▶ _WORK TO COMPLETE_: Leave out the pictures and restate exactly, and only, the lines from the one that contains "People Like Us VOSTFR DVDRIP 2012" through the final line of the material below.

▶ _RECORDED INFORMATION_:
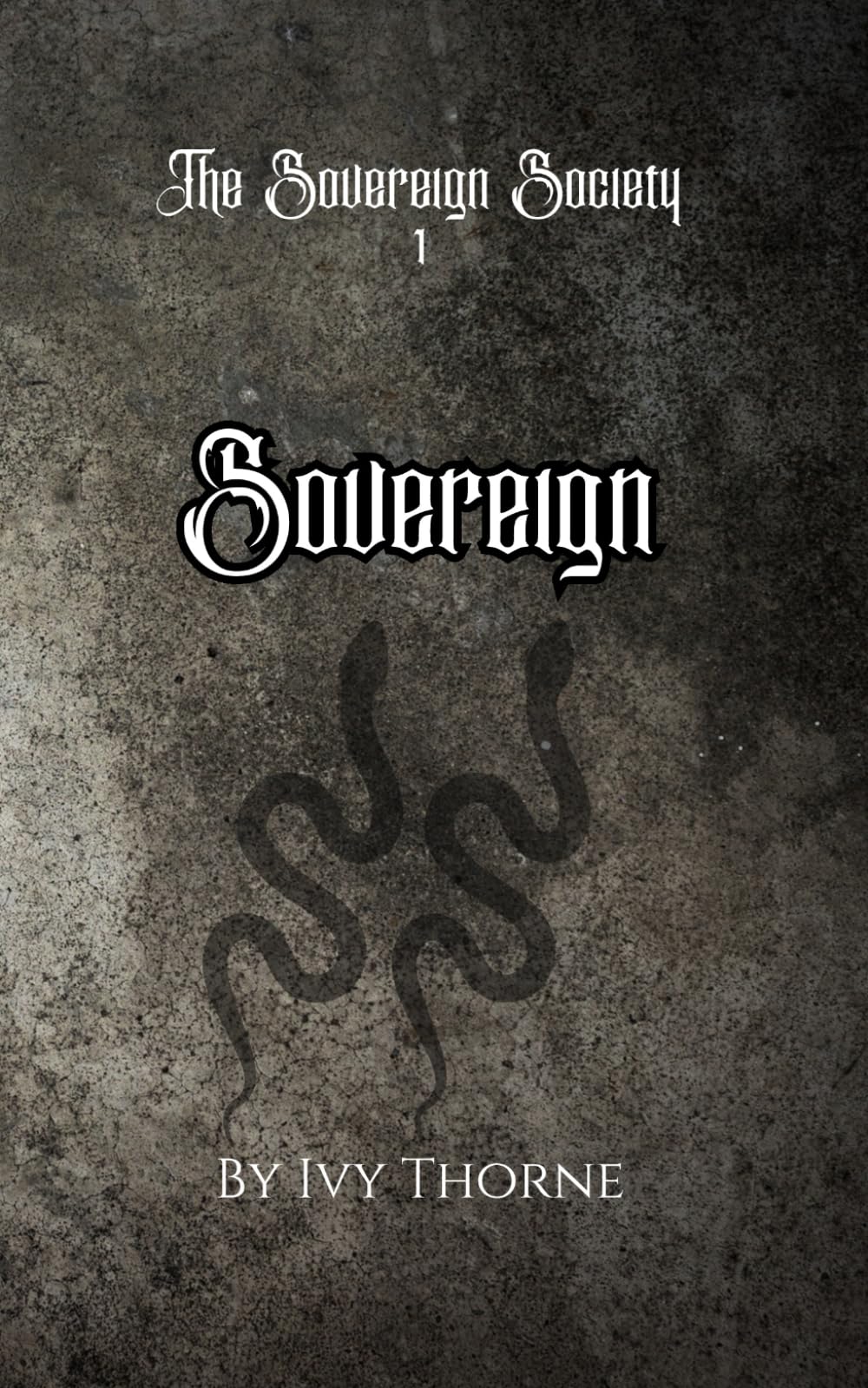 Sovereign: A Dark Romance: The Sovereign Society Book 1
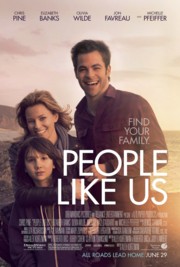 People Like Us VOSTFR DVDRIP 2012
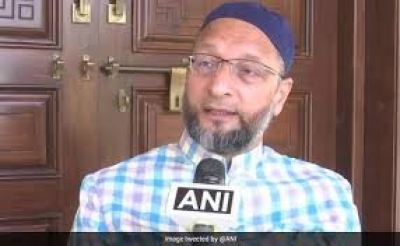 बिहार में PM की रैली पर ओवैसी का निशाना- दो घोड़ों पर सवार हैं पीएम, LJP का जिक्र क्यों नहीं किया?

▶ _RESPONSE_:
 People Like Us VOSTFR DVDRIP 2012
 बिहार में PM की रैली पर ओवैसी का निशाना- दो घोड़ों पर सवार हैं पीएम, LJP का जिक्र क्यों नहीं किया?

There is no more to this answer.